The case – which will be the first the court has heard involving design patents for more than 120 years – was opened in 2011, when Apple sued Samsung for patent infringement, reports the Financial Times.

A jury in California awarded Apple $400 million (£326 million) in damages in 2012 after Samsung allegedly copied the iPhone’s grid system for displaying app icons and the phone’s rounded edges. The damages were based on Samsung’s profits from the devices.

Scale of damages

Now, the case has been taken to the highest federal court in the US. However, the court will not be considering whether Samsung copied Apple with the design of its Galaxy smartphone, but the scale of the damages owed.

Samsung claims the damages ordered by the lower court are “disproportionate”, and should instead be based on the profits made from specific parts of the product which have been infringed.
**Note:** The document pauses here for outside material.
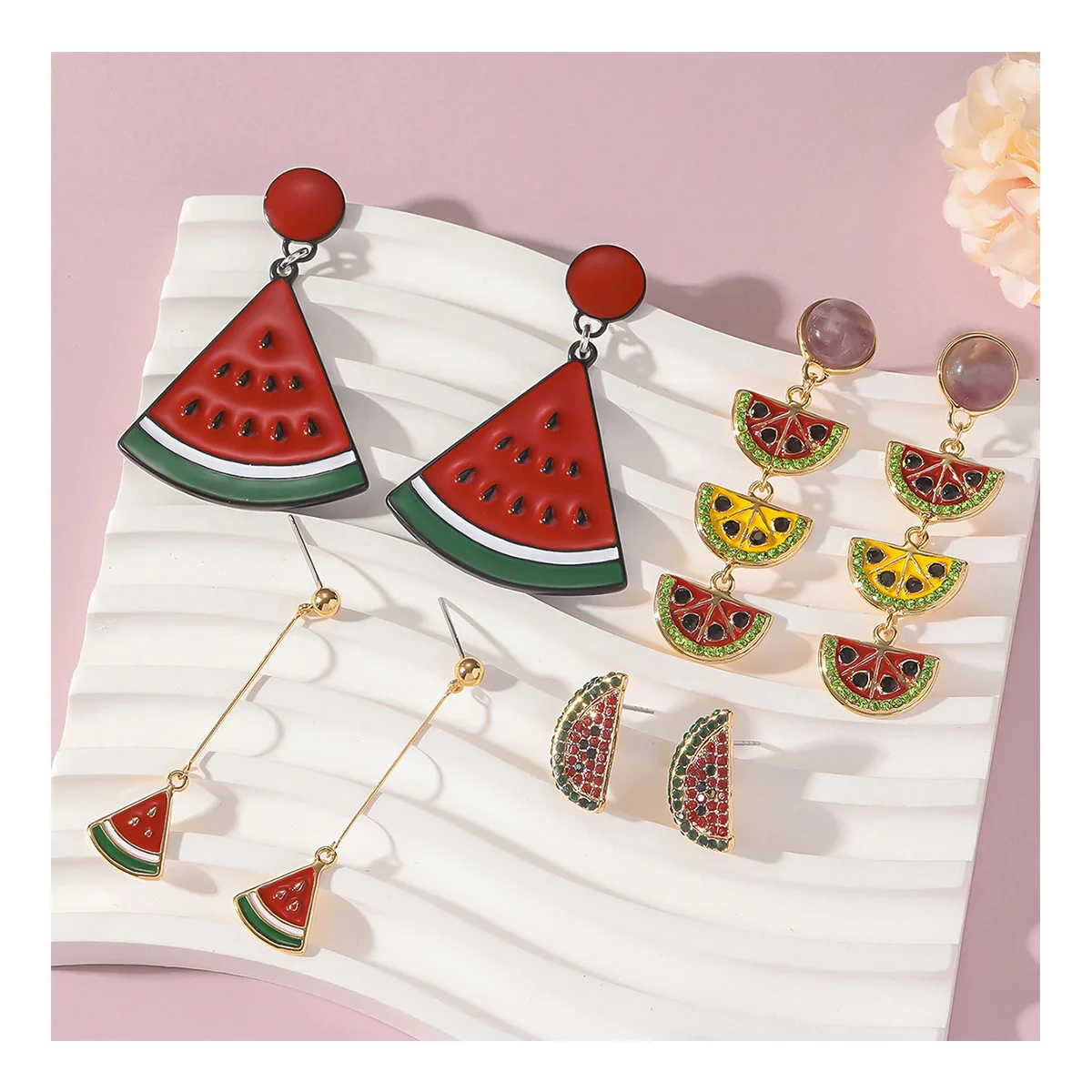 XOCARTIGE Bohemian Beaded Drop Earrings - Watermelon Fruit Dangle Earrings For Women, Summer & Beach Style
The Korean phone manufacturer has also released a statement ahead of the hearing, saying: “Samsung took this case to the Supreme Court because we believe the way design patent law has been interpreted is not in line with modern times because it discourages competition, innovation and consumer choice.

Apple “stifles innovation”

“The problem is that Apple wants a rule that stifles innovation – including innovation in design – by discouraging the development and marketing of new products. According to Apple, a patent holder of one design feature on a smartphone is entitled to the profits from the sale of the entire phone. With more than 200,000 patents in a smartphone, such a rule undervalues the contributions made by the other hundreds of thousands of patent holders to that smartphone.”

Apple has presented a counter-argument that Samsung has not presented enough evidence to support its arguments.

The Supreme Court is expected to reveal its decision in June 2017.